■ TASK DATA ■
--- START ---

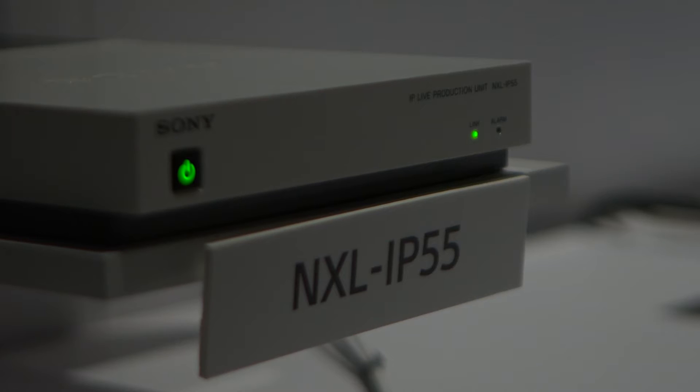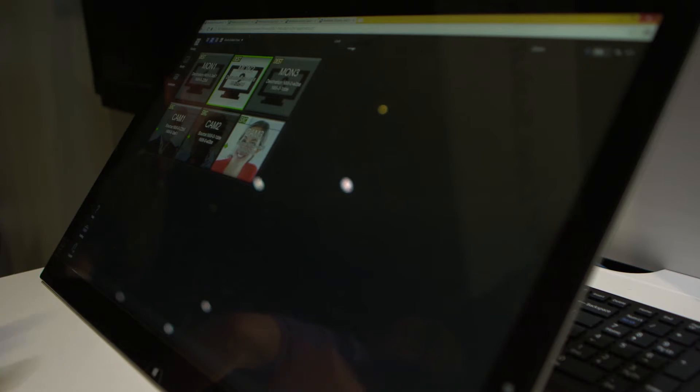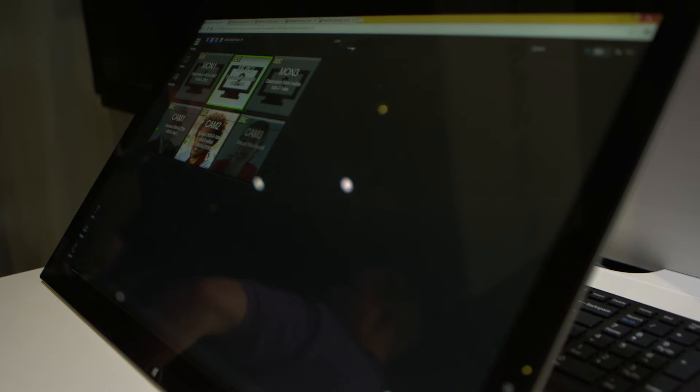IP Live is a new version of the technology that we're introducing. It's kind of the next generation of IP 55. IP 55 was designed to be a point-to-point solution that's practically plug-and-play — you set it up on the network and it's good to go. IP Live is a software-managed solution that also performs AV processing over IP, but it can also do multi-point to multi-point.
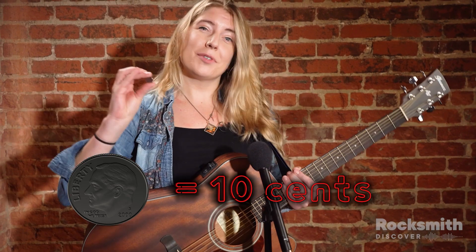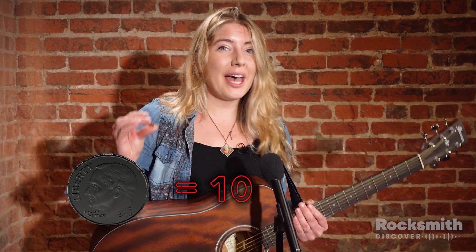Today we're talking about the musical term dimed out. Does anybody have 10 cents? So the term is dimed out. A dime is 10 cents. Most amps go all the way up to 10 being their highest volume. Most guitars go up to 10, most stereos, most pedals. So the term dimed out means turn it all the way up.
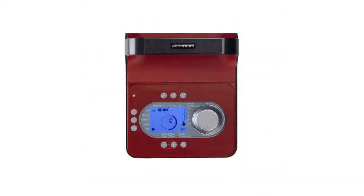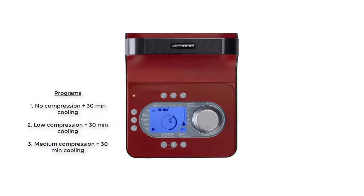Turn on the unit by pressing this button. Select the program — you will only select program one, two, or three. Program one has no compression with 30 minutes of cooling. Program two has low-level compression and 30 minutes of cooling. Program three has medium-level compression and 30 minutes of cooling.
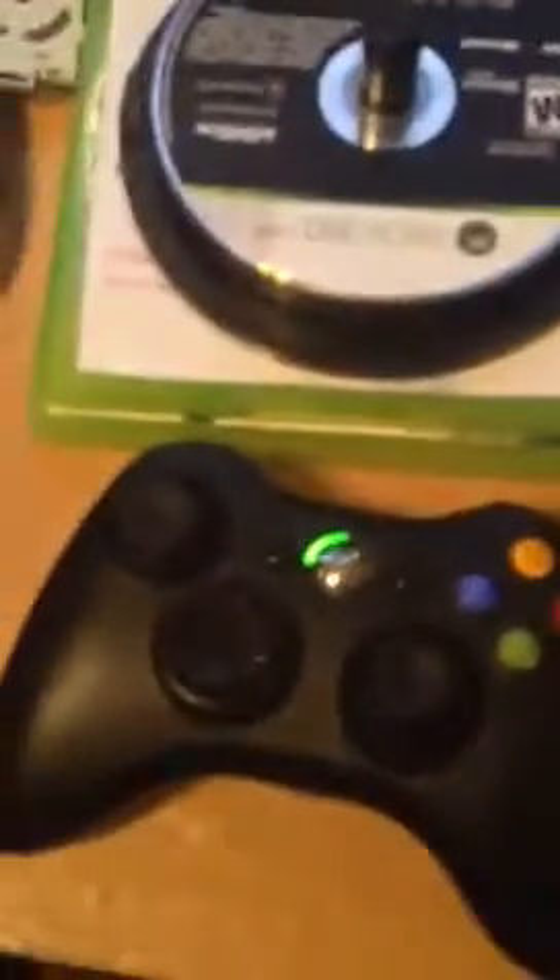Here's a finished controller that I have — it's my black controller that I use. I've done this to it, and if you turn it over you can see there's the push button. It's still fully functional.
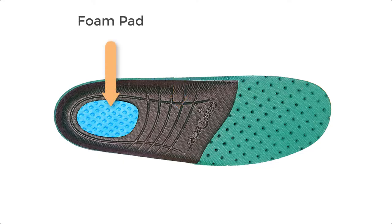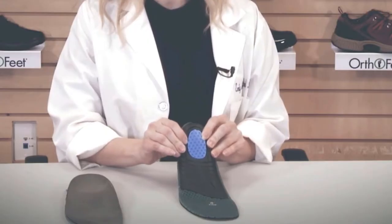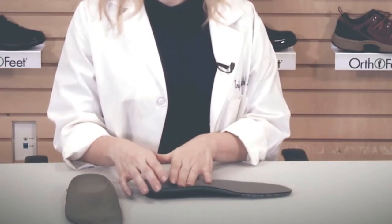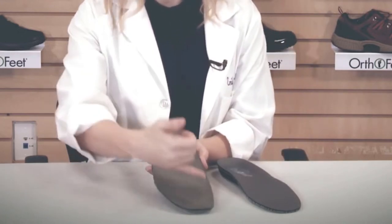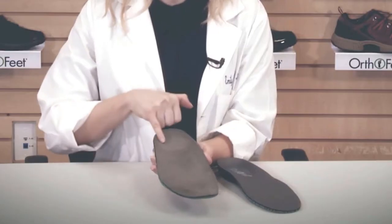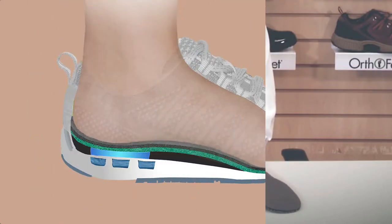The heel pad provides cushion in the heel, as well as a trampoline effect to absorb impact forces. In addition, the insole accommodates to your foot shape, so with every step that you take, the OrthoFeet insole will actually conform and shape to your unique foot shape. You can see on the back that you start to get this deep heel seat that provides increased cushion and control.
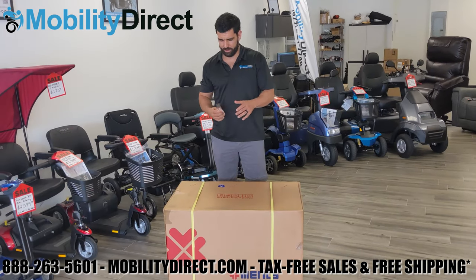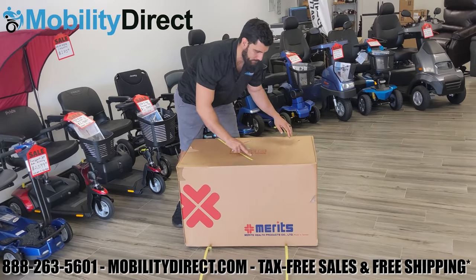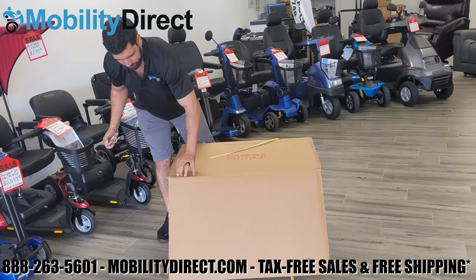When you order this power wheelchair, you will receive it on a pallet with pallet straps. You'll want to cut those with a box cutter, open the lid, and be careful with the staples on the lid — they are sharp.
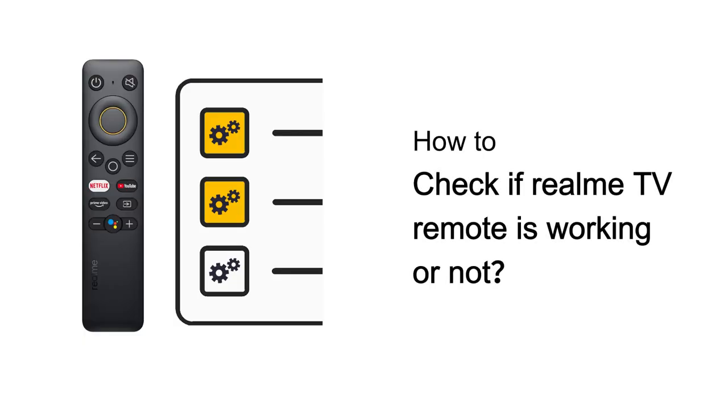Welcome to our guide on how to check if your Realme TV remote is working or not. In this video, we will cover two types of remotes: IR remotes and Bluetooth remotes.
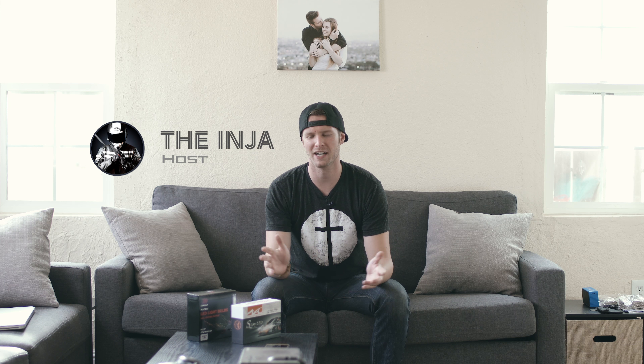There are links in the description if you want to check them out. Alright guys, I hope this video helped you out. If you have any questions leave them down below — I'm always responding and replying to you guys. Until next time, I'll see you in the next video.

--- END ---
--- START ---

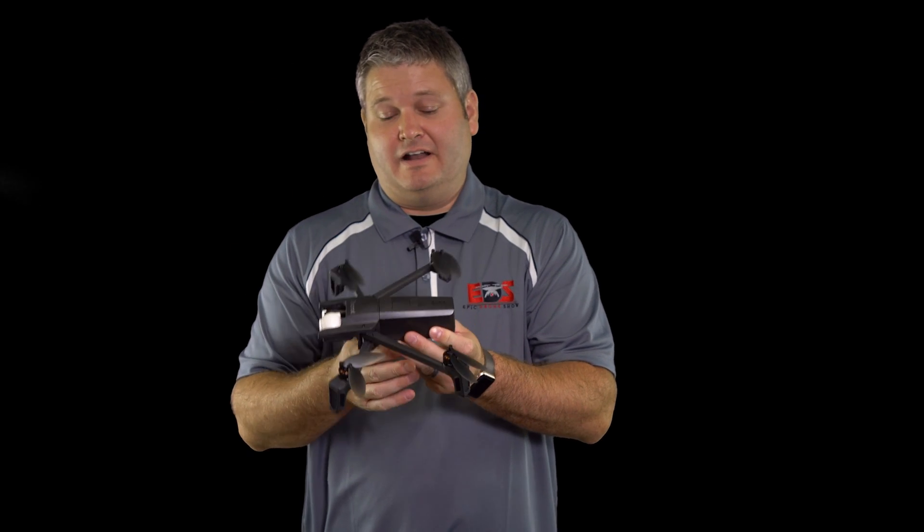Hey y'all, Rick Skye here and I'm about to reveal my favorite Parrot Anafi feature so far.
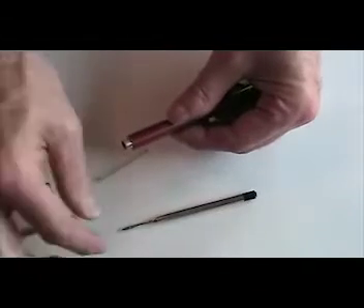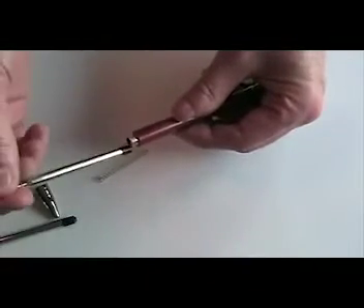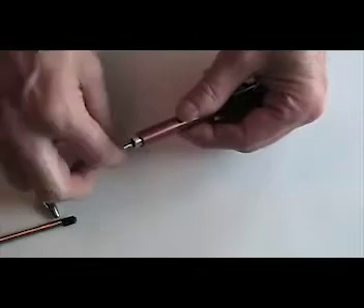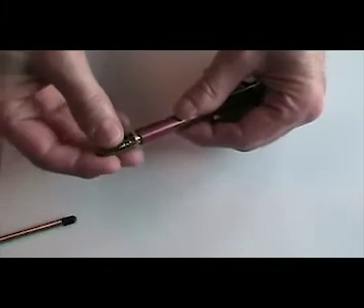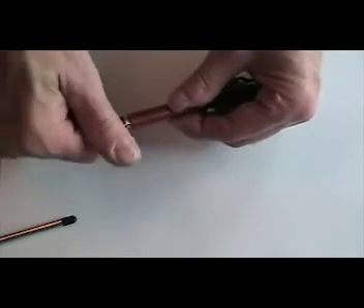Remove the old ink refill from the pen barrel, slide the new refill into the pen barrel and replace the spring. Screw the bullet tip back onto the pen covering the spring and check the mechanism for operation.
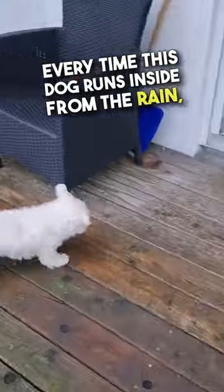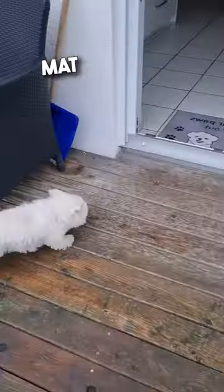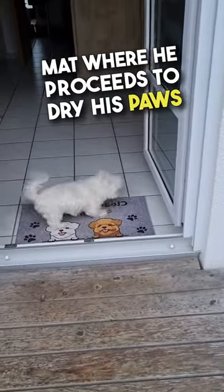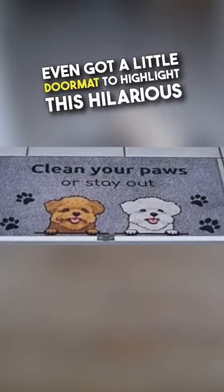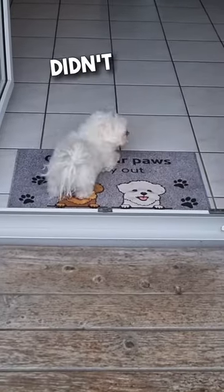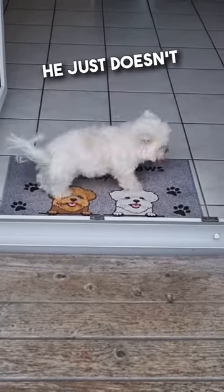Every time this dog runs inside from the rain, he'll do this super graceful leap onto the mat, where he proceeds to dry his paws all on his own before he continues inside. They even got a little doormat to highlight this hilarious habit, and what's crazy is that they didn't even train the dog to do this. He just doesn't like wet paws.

--- END ---
--- START ---

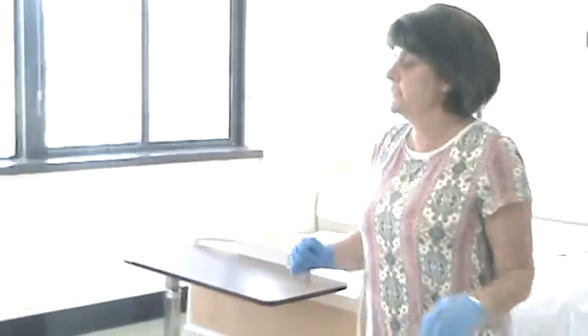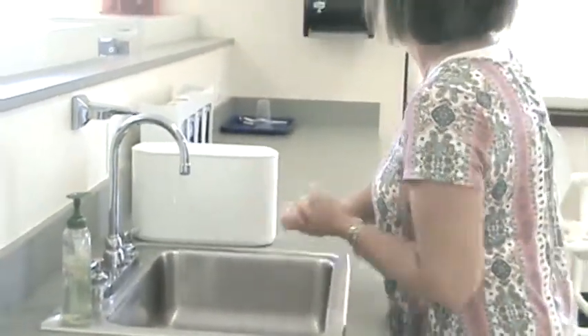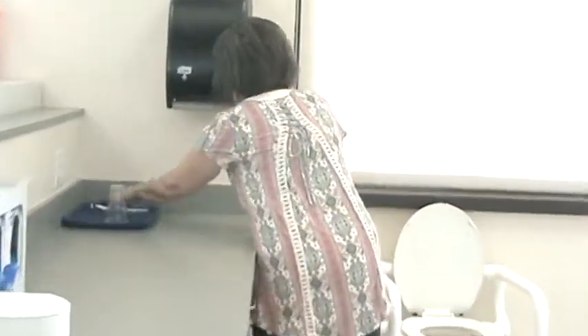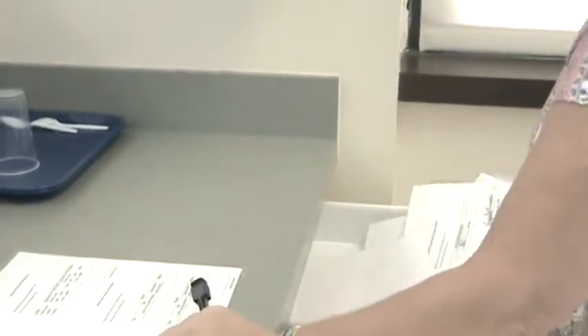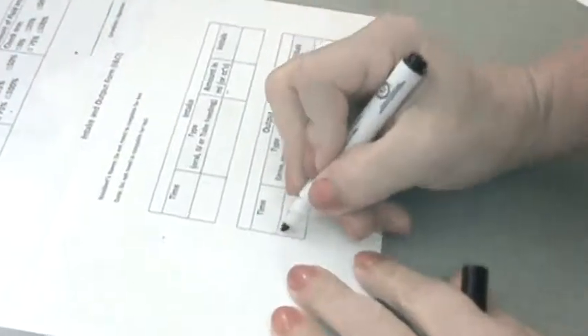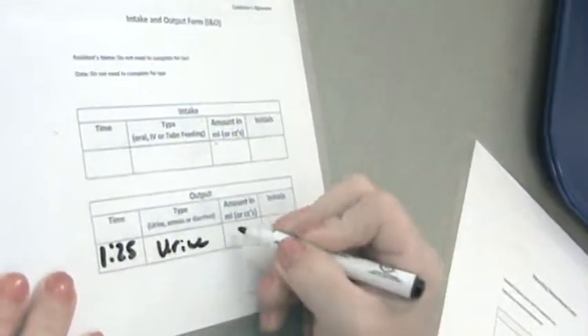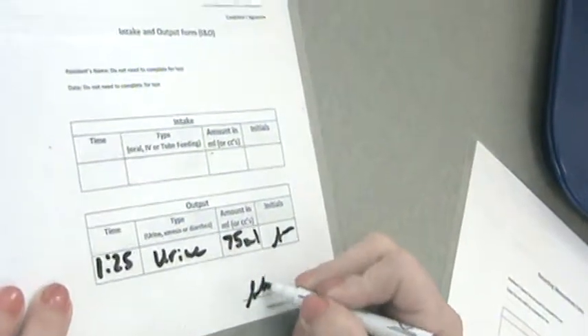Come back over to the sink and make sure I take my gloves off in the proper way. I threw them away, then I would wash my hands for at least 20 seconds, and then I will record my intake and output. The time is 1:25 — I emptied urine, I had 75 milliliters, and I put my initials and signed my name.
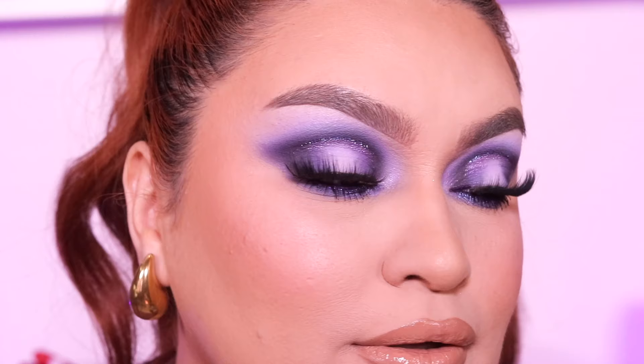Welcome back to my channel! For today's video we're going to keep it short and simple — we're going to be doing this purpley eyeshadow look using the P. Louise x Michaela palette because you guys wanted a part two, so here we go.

--- END ---

Starting with the line that has "Hey y'all, Rick" and ending with the line that has "Every time this", repeat the lines above exactly, omitting every picture.

Hey y'all, Rick Skye here and I'm about to reveal my favorite Parrot Anafi feature so far.
Remove the old ink refill from the pen barrel, slide the new refill into the pen barrel and replace the spring. Screw the bullet tip back onto the pen covering the spring and check the mechanism for operation.
Every time this dog runs inside from the rain, he'll do this super graceful leap onto the mat, where he proceeds to dry his paws all on his own before he continues inside. They even got a little doormat to highlight this hilarious habit, and what's crazy is that they didn't even train the dog to do this. He just doesn't like wet paws.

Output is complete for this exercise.